:: Aim of the exercise ::
Please reproduce the entries below exactly, omitting any images they contain.

[Collected data]
= Beginning of Section =
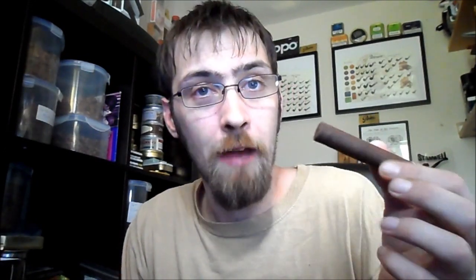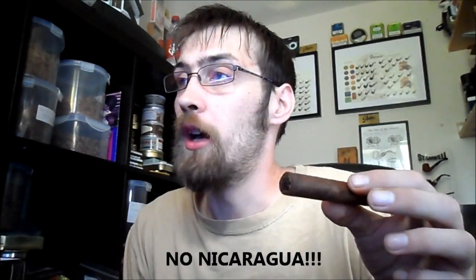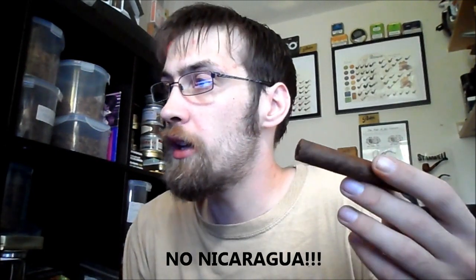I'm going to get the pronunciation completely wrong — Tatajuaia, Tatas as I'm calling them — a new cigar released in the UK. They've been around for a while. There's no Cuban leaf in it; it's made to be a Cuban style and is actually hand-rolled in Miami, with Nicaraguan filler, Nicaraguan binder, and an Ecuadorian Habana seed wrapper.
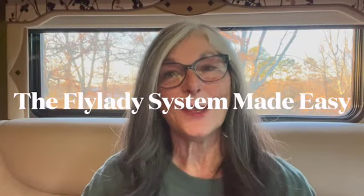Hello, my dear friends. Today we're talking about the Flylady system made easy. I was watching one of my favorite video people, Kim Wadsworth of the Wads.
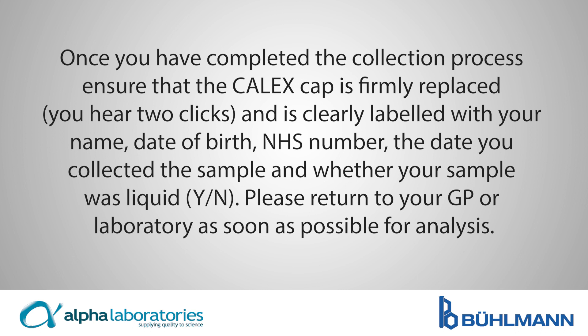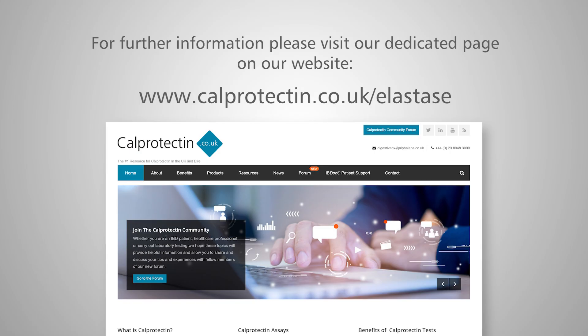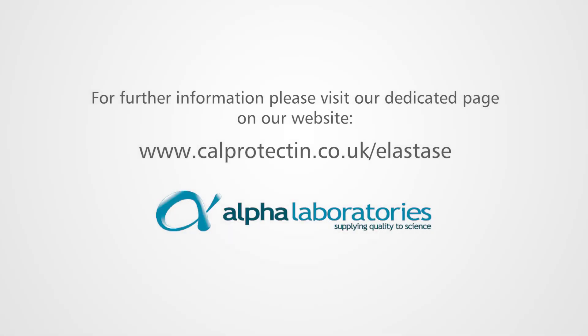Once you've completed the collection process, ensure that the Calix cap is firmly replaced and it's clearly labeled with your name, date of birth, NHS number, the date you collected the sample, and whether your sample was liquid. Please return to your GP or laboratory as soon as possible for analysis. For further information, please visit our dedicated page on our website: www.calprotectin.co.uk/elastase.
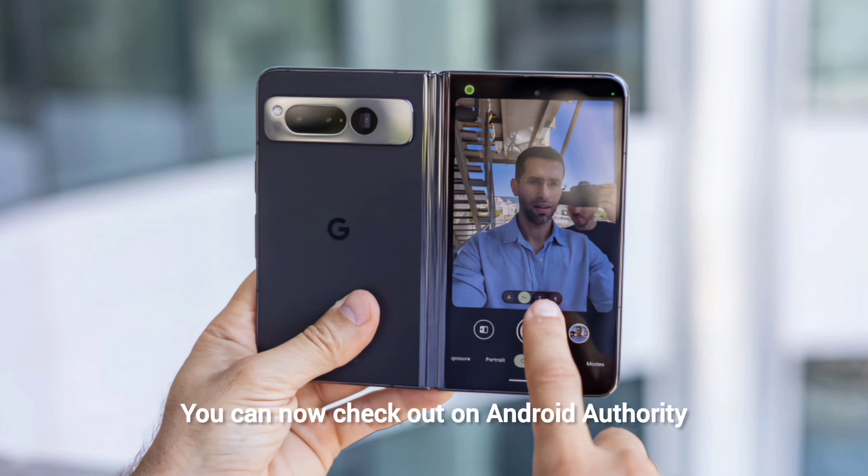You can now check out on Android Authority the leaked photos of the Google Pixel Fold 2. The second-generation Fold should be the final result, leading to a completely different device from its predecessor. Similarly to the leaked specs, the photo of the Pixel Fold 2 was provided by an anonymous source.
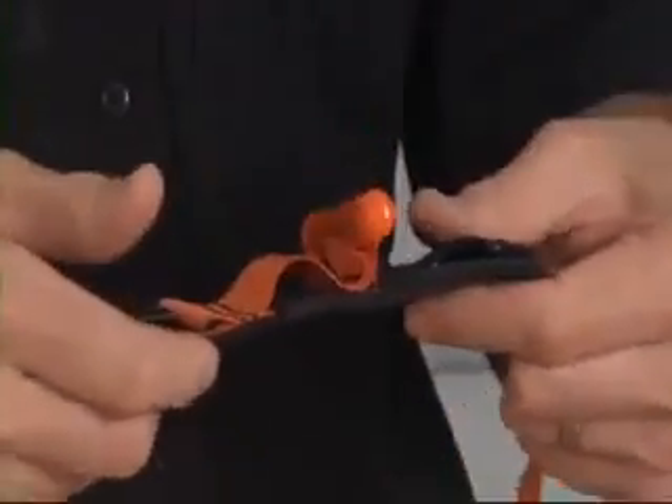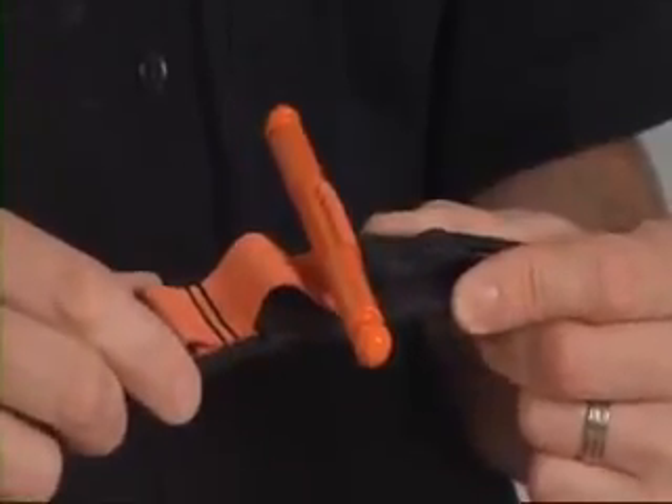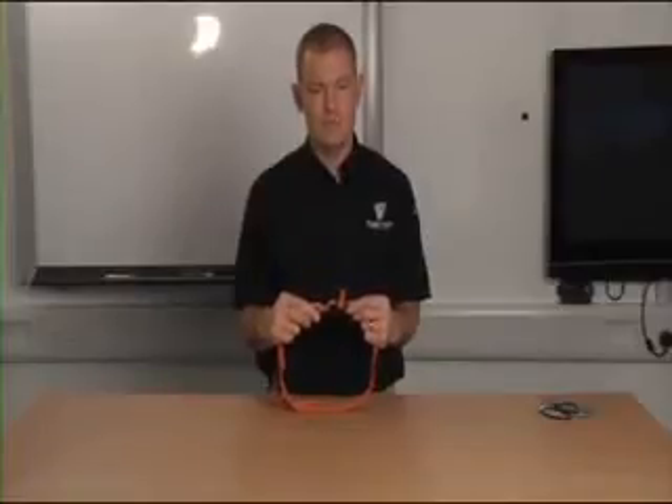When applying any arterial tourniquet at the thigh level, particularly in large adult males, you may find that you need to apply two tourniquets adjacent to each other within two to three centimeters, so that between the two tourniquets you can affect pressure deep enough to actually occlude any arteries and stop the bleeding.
= End of Section =
:: Written solution ::
I'm going to get the pronunciation completely wrong — Tatajuaia, Tatas as I'm calling them — a new cigar released in the UK. They've been around for a while. There's no Cuban leaf in it; it's made to be a Cuban style and is actually hand-rolled in Miami, with Nicaraguan filler, Nicaraguan binder, and an Ecuadorian Habana seed wrapper.
Hello, my dear friends. Today we're talking about the Flylady system made easy. I was watching one of my favorite video people, Kim Wadsworth of the Wads.
Once you've completed the collection process, ensure that the Calix cap is firmly replaced and it's clearly labeled with your name, date of birth, NHS number, the date you collected the sample, and whether your sample was liquid. Please return to your GP or laboratory as soon as possible for analysis. For further information, please visit our dedicated page on our website: www.calprotectin.co.uk/elastase.
You can now check out on Android Authority the leaked photos of the Google Pixel Fold 2. The second-generation Fold should be the final result, leading to a completely different device from its predecessor. Similarly to the leaked specs, the photo of the Pixel Fold 2 was provided by an anonymous source.
When applying any arterial tourniquet at the thigh level, particularly in large adult males, you may find that you need to apply two tourniquets adjacent to each other within two to three centimeters, so that between the two tourniquets you can affect pressure deep enough to actually occlude any arteries and stop the bleeding.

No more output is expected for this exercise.